[TASK]
Within these entries, which lines include the string "Chapter"? Copy each one.

****

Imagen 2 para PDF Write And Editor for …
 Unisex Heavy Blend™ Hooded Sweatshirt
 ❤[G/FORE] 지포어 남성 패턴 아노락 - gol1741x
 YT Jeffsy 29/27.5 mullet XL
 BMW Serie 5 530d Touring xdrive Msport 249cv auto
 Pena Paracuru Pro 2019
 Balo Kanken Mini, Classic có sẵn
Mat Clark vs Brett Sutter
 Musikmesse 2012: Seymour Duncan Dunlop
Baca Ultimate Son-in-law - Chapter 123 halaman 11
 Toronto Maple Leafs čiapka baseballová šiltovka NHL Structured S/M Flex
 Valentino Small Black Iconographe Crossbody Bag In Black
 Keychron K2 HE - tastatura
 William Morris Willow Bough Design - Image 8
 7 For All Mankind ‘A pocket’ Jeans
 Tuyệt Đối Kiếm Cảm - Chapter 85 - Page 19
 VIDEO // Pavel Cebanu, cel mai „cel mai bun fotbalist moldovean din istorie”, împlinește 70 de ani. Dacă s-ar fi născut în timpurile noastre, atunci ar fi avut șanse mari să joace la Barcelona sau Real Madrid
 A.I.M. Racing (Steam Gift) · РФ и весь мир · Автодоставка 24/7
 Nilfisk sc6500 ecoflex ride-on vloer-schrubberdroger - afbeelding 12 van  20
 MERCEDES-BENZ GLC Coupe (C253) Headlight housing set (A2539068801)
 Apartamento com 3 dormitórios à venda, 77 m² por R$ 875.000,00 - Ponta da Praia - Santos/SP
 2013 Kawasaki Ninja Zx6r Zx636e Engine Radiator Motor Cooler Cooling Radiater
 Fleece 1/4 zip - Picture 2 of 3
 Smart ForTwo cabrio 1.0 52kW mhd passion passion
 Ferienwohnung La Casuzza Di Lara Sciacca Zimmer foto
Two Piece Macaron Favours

****

[WRITTEN REPLY]
Baca Ultimate Son-in-law - Chapter 123 halaman 11
 Tuyệt Đối Kiếm Cảm - Chapter 85 - Page 19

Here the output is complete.